**Problem statement:**
Each line of the data below between the one containing "Hello and welcome." and the one containing "And right now, I've", both included, is to be repeated exactly. Please omit pictures.

*** Task input Section Begins ***

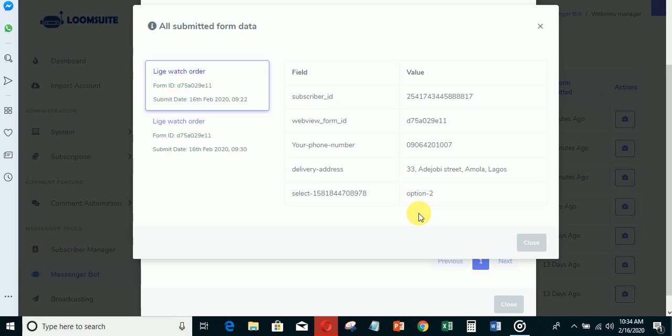This Loom Suit messenger software can be used by any marketer - whether you're into e-commerce, real estate, you're a consultant, or you do any form of marketing on Facebook. I would like to see you on the inside. Click the button right down and subscribe into Loom Suit. Thank you and God bless you.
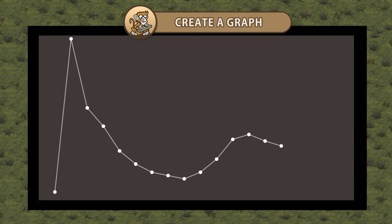Hello and welcome. I'm your CodeMonkey and in this video we're going to create a graph in Unity. Let's get started.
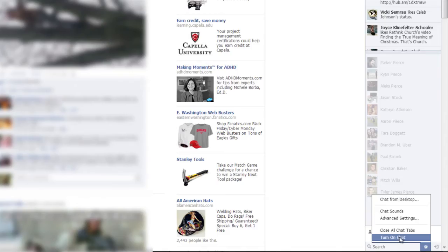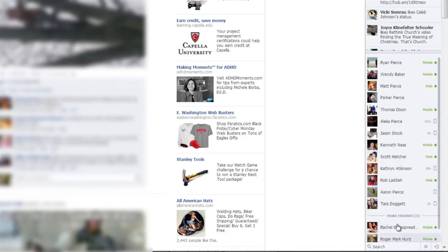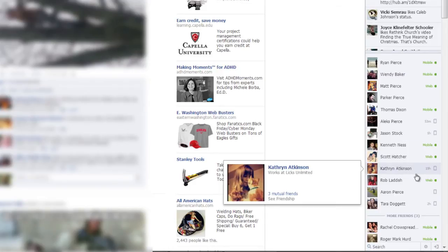And right now, I've got my chat turned off. I can turn chat on, and now they're available. They can chat with me and get an instant message session going.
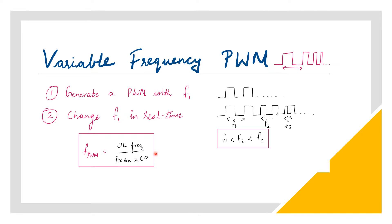To obtain a variable frequency PWM, we will be first generating a PWM with F1 frequency, say 10 kHz, then change this frequency in real time.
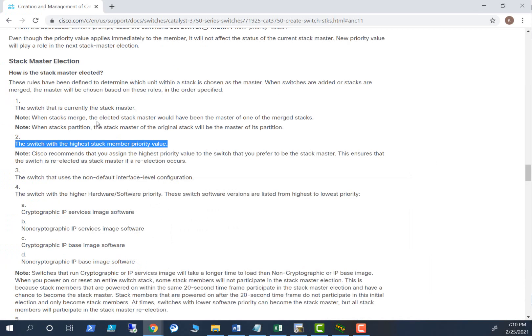Looking at the documentation further, this ensures that the switch is re-elected as stack master if a re-election occurs. Normally if you have a five-switch stack, make sure you keep the first switch — the top switch — as the master, so you always know which switch is the master. The convention is that the first switch should be the master.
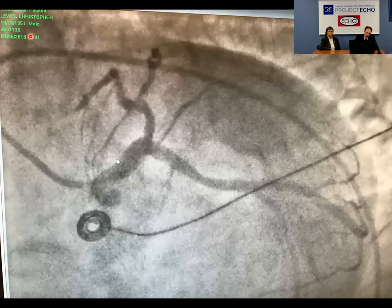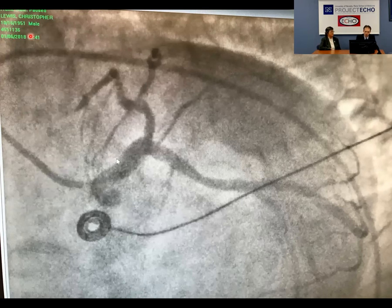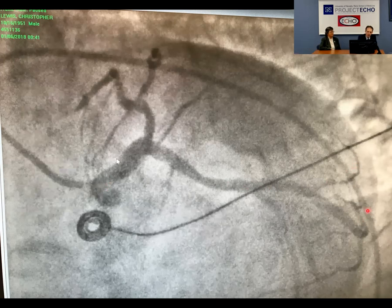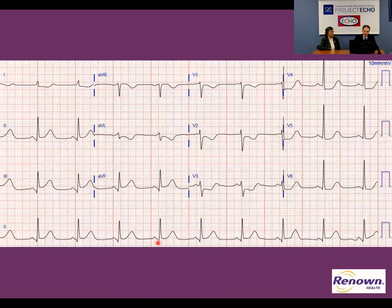This patient was taken emergently to the cath lab. This is a left anterior oblique caudal view — the so-called spider view, because the arteries come out looking like a spider. Here's the left main coronary artery, and here's the left anterior descending, totally blocked off, as you can see. This was an anterior infarct, mid-LAD.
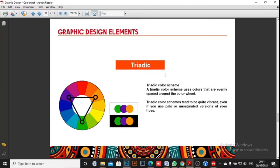The triadic color scheme uses colors that are evenly spaced around the color wheel. For example, purple, yellow, and green. These will work together, but take note — when combining these colors, the three colors must not all be highly saturated, or they will fight each other.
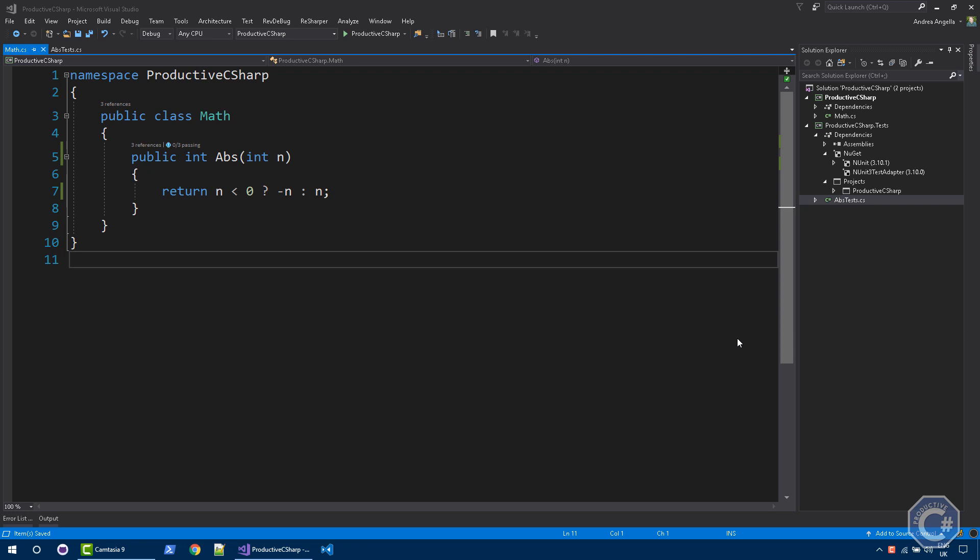Hi, I'm Andrea and welcome to Productive C Sharp. In this video I want to give you a very quick and extremely practical introduction to unit testing using C Sharp and Visual Studio.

*** Task input Section Ends ***

**The answer:**
Hello and welcome. I'm your CodeMonkey and in this video we're going to create a graph in Unity. Let's get started.
And right now, I've got my chat turned off. I can turn chat on, and now they're available. They can chat with me and get an instant message session going.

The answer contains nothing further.